I’m pleased to announce that the National Endowment for the Humanities has awarded me a Landmarks of American History & Culture: Workshop for School Teachers Grant for 2015-2016. The description of the project, “Graffiti Houses,” reads:
This workshop invites teachers to explore the Civil War through the lives of individual Civil War soldiers who left their mark in three “graffiti houses” in Northern Virgina-Historic Blenheim, Ben Lomond and the Graffiti House at Brandy Station. Workshop participants will select an item of graffiti from these locations and piece together the story of the individual who created it. They will research their soldier’s service and postwar life in National Archives, and visit the Gettysburg National Military Park to examine the monuments and markers that commemorate the common soldier. Upon completing the workshop, teachers will have knowledge of how to use the history of ordinary individuals to personalize the social and cultural history of the Civil War, and make it powerful to students. Telling their soldier’s story in an online exhibit will also provide the opportunity to learn how to identify and use the new digital resources and tools that are transforming how historians work.

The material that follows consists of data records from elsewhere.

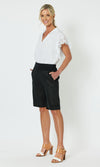 Linen Short Jordan Black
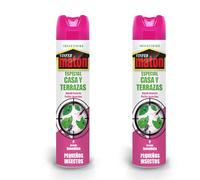 VINFERMATON - Insecticida Matón Casa y Terrazas Mosquitos y Moscas 600ml - Pack de 2ud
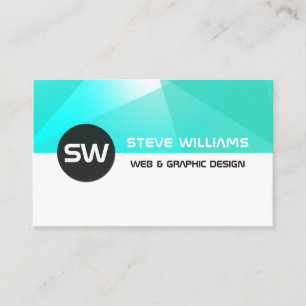 Moderne geometrische patroonafdekking visitekaartje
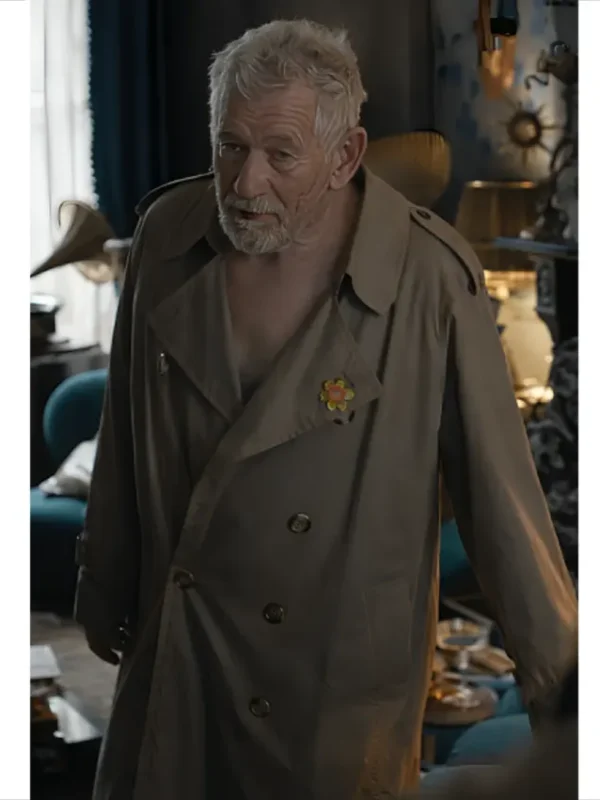 The Christophers Ian McKellen Trench Coat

The project is an outgrowth of the assignment that has the center piece of my HIST 390 classes at George Mason University, in which undergraduate students work with service and pension records gathered by staff and volunteers at Historic Blenheim. Neither project would have been possible without the generosity of Andrea Loewenwarter, a historic resources specialist at Historic Blenheim, who allowed me to photograph the material she and her collaborators had gathered, and has provided numerous students with the opportunity to photograph the graffiti left by the solider they were researching.